You can say both, but they have slightly different nuances:
rauhallinen → rauhallisempi
- peaceful, calm, relaxed atmosphere
- Suggests low stress, no rush; can include quietness but is broader.
hiljainen → hiljaisempi
- quiet, not noisy
- Focuses more specifically on sound level.
So:
Tämä kahvila on rauhallisempi kuin koti.
- The café has a more peaceful, relaxed atmosphere than home (maybe fewer distractions, stress, people, etc.).
Tämä kahvila on hiljaisempi kuin koti.
- The café is quieter than home (less noise, fewer sounds).
Both are grammatically correct; which one you use depends on what you want to highlight.
In Finnish comparatives with kuin, the compared element (koti here) is usually in the form it would have by itself in a basic sentence.
You can think of an underlying pair of simple statements:
- Tämä kahvila on rauhallinen. – This café is calm.
- Koti on rauhallinen. – Home is calm.
When you compare them, you make one adjective comparative and add kuin before the other noun:
- Tämä kahvila on rauhallisempi kuin koti.
So koti stays in the nominative because that is its “default” role as a subject in the implied sentence.
If you changed the structure, the case might change:
- Kotona on rauhallista. – It’s peaceful at home.
- Tässä kahvilassa on rauhallisempaa kuin kotona. – It’s more peaceful in this café than at home.
Here kotona is in the inessive because you are comparing locations as places where something happens.
In colloquial spoken Finnish, several things usually change:
- tämä → tää / toi (this / that)
- kuin → ku
- Often pronouns and endings are reduced.
So common spoken variants:
- Tää kahvila on rauhallisempi ku koti.
- Toi kahvila on rauhallisempi ku koti.
Grammar is the same, but the forms are shorter and more relaxed. In writing (especially in anything formal), you should use:
- Tämä kahvila on rauhallisempi kuin koti.
Syllabification: rau-hal-li-sem-pi
- Stress in Finnish is almost always on the first syllable:
- RAU-hal-li-sem-pi
- Approximate sounds:
- rau – like row (British “r” rolled) with a short u-ish offglide
- hall – like English hull but with a clear a (as in “father”)
- li – lee
- sem – sehm
- pi – pee (short)
Also note:
- Double ll means the l sound is held slightly longer than a single l.
- All vowels are short here (no double letters like aa, ii).
So: RAU-hal-li-sem-pi with the main emphasis on RAU.
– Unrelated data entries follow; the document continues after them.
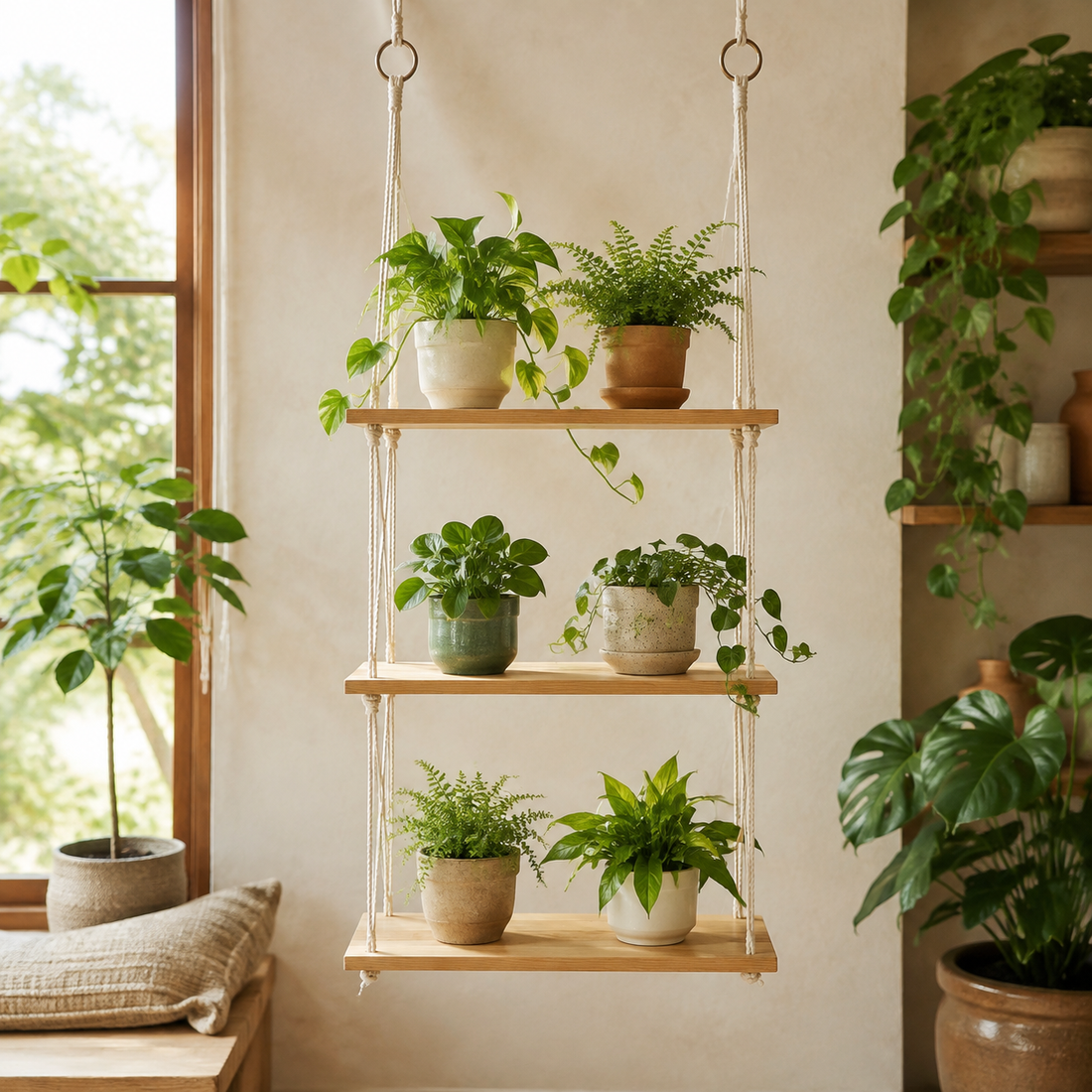 WindowLeaf Hanging Plant Shelf — hero view
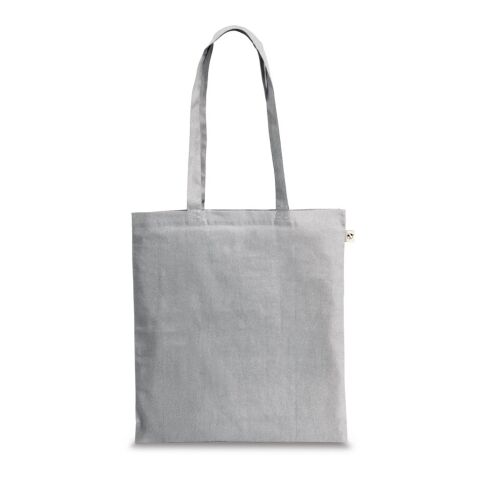 Nachhaltiger Werbeartikel CAIRO. Tragetasche aus recycelter Baumwolle (70%) und polyester (30% rPET) (180 g/m²) – Hellgrau – mit Logo bedruckt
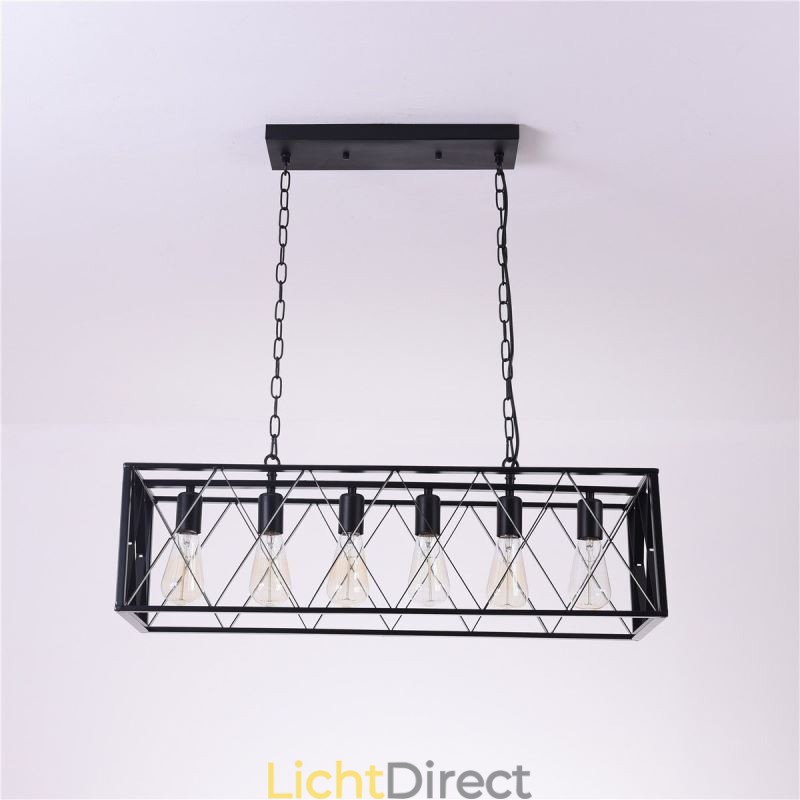 Rustieke rechthoekige hanglamp 6 lampen boerderij hanglamp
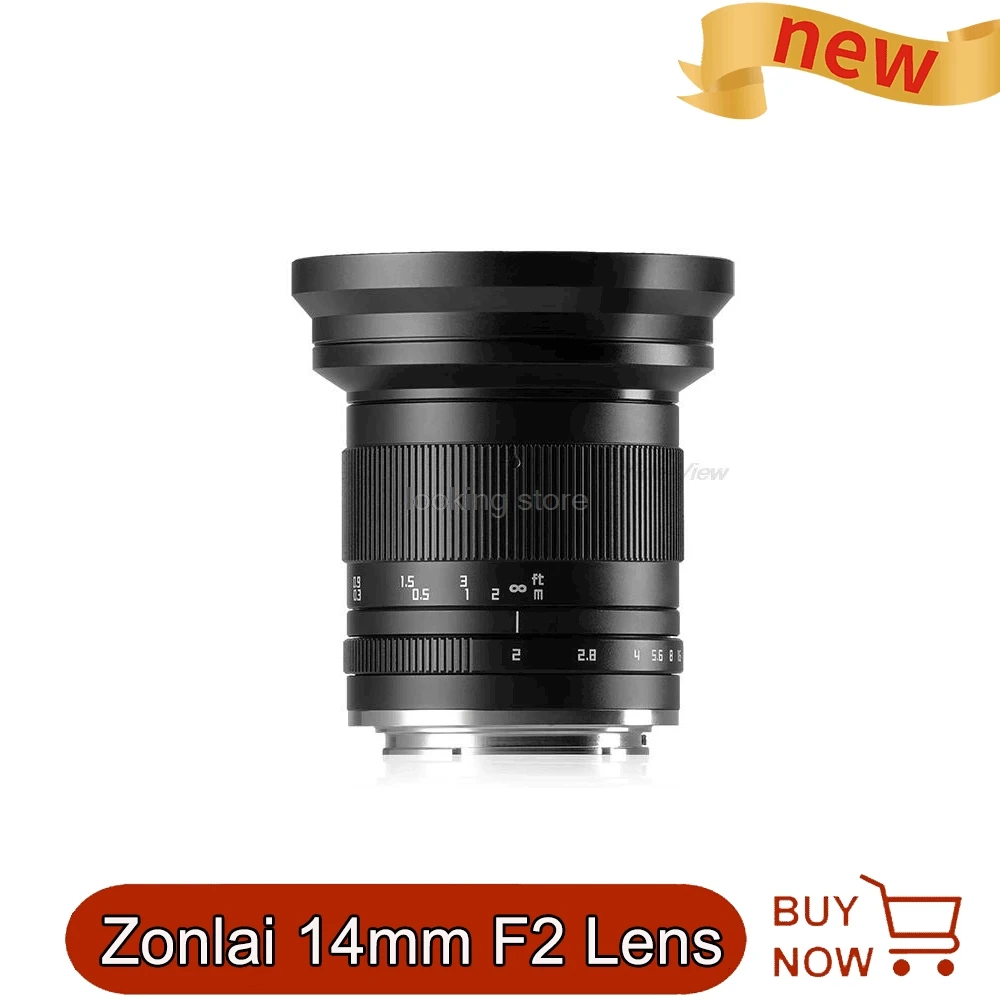 

Zonlai 14mm F2 Lens Ultra Wide Angle Manual Focus Prime for Fujifilm X Sony E Canon EOS-M Mount Camera A7 A6400 X-T30 X-T4 M5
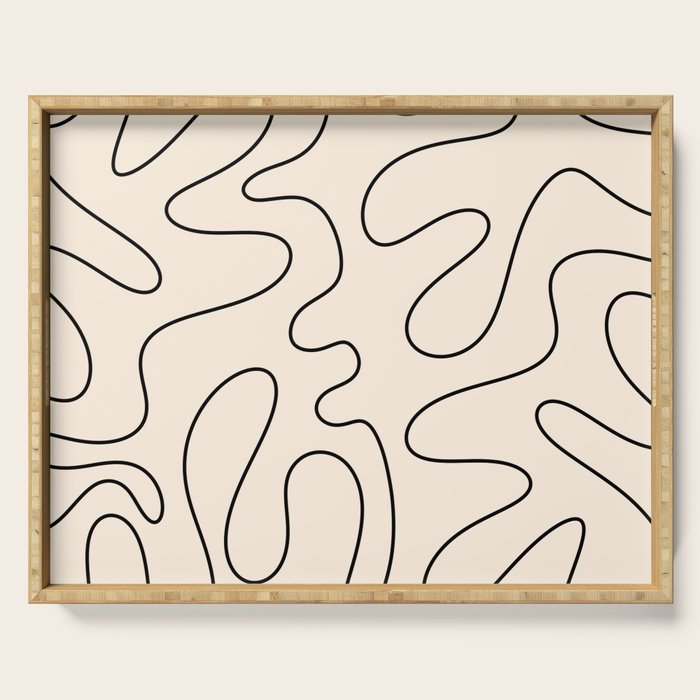 Squiggle Abstract Minimalist Modern Pattern in Black and Almond Cream Serving Tray Gallery Image 1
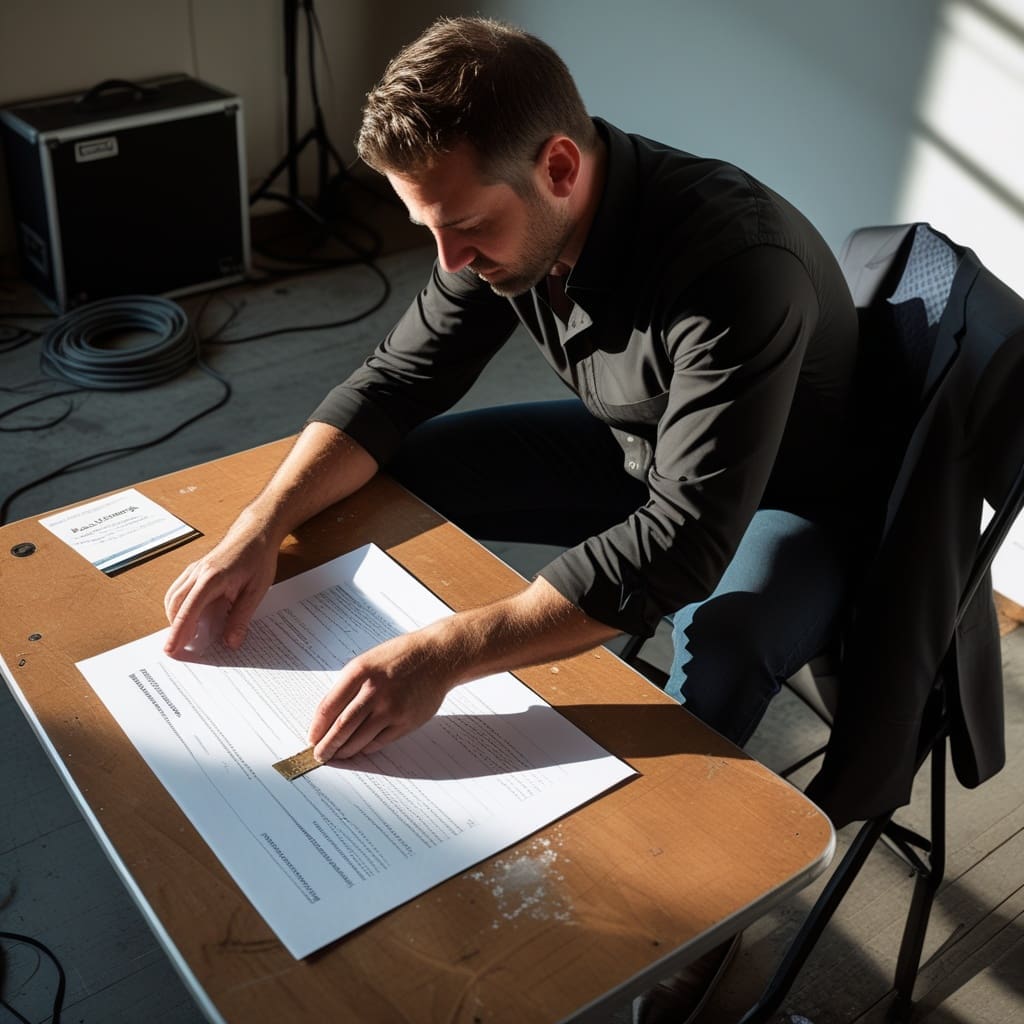 Cover photo showing a wedding DJ reviewing a printed contract at a small table before an event..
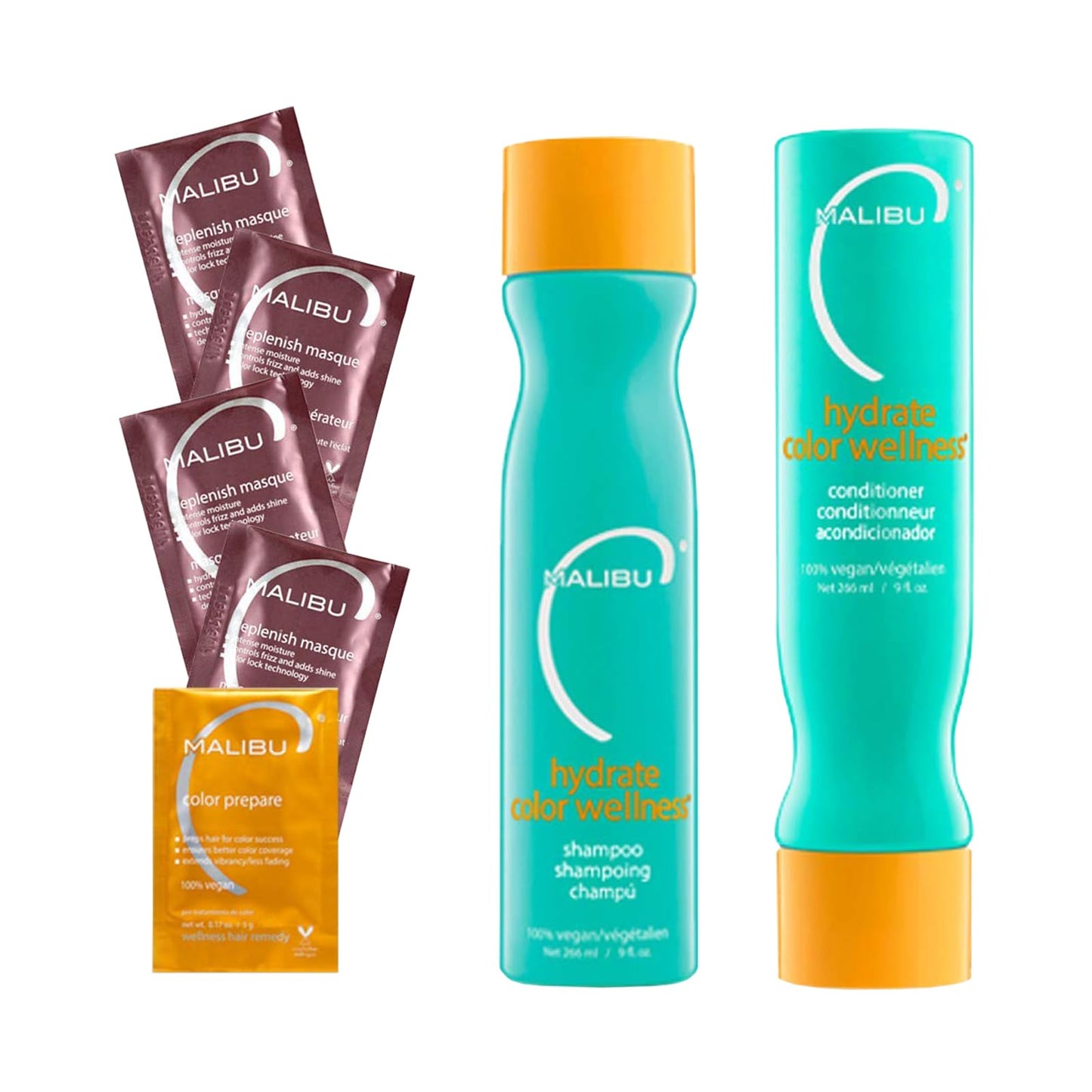 Malibu C Hydrate Color Wellness Collection - Moisturizing Color Safe Shampoo & Hydrating Hair Remedy - Formulated to Preserve + Protect Hair Color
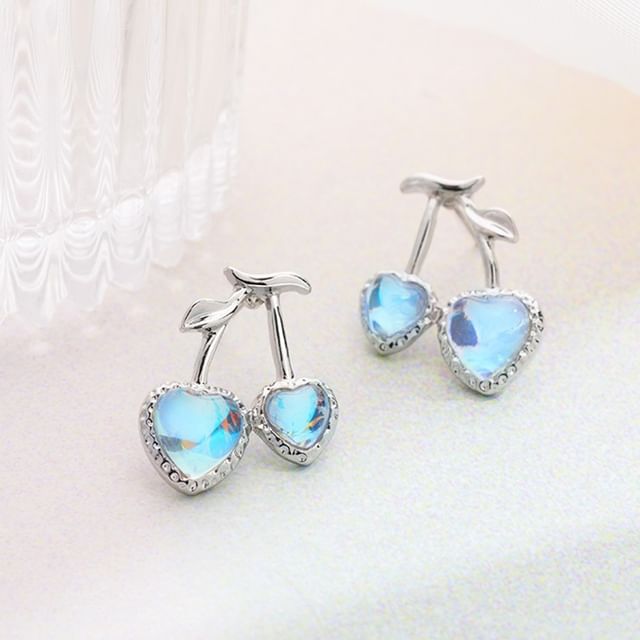 Earring Cherry Heart / Stud Clip-On FashionChic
Finnish simply doesn’t have articles (no equivalent of English a/an/the). Nouns stand alone:
- kahvila can mean:
- a café
- the café
- cafés in general (depending on context)
- koti can mean:
- (my/your) home
- home in general
In Tämä kahvila on rauhallisempi kuin koti:
- Tämä kahvila is specific because of tämä (this).
- koti is interpreted as “(my) home” or “home” in general, from context.
Definiteness is expressed by:
- context
- demonstratives (tämä, tuo, se)
- possessive markers and pronouns (minun kotini, meidän koti)
But you never add anything that directly corresponds to English a or the.
To go from comparative to superlative, you use -in instead of -mpi:
- rauhallinen → rauhallisempi → rauhallisin
peaceful → more peaceful → most peaceful / the calmest
A natural translation:
- Tämä kahvila on rauhallisin paikka, jonka tiedän.
- Tämä kahvila – this café
- on – is
- rauhallisin – the calmest / most peaceful
- paikka – place
- jonka tiedän – that I know
This mirrors the structure of your original sentence but uses the superlative instead of the comparative.